NAME
Unicode::Util - Unicode grapheme-level versions of built-in Perl
functions
VERSION
This document describes Unicode::Util version 0.07.
SYNOPSIS
use Unicode::Util qw( grapheme_length grapheme_reverse );
# grapheme cluster ю́ (Cyrillic small letter yu, combining acute accent)
my $grapheme = "\x{044E}\x{0301}";
say length($grapheme); # 2 (length in code points)
say grapheme_length($grapheme); # 1 (length in grapheme clusters)
# Spın̈al Tap; n̈ = Latin small letter n, combining diaeresis
my $band = "Sp\x{0131}n\x{0308}al Tap";
say scalar reverse $band; # paT länıpS
say grapheme_reverse($band); # paT lan̈ıpS
DESCRIPTION
This module provides Unicode grapheme cluster–level versions of Perl’s
built-in string functions, tailored to work on grapheme clusters as
opposed to code points or bytes.
This is an early release and major revisions are planned for the near
future.
FUNCTIONS
Functions may each be exported explicitly or by using the ":all" tag for
everything.
grapheme_length($string)
Returns the length of the given string in grapheme clusters.

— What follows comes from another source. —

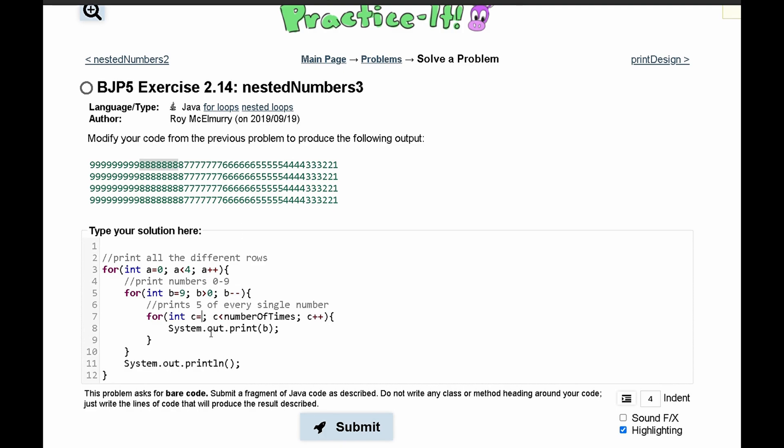So what we need to do is set c equal to 9, and get rid of this, and c has to be greater than 0. So if c cannot equal 9, c has to equal b.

This is
the closest to the number of “characters” that many people would
count on a printed string.
grapheme_chop($string)
Returns the given string with the last grapheme cluster chopped off.
Does not modify the original value, unlike the built-in "chop".
grapheme_reverse($string)
Returns the given string value with all grapheme clusters in the
opposite order.
TODO
"grapheme_substr", "graphem_index", "grapheme_rindex", "canonical_eq",
"compatibility_eq"
SEE ALSO
Unicode::GCString, String::Multibyte, Perl6::Str,
<http://perlcabal.org/syn/S32/Str.html>
AUTHOR
Nick Patch <patch@cpan.org>
COPYRIGHT AND LICENSE
© 2011–2013 Nick Patch
This library is free software; you can redistribute it and/or modify it
under the same terms as Perl itself.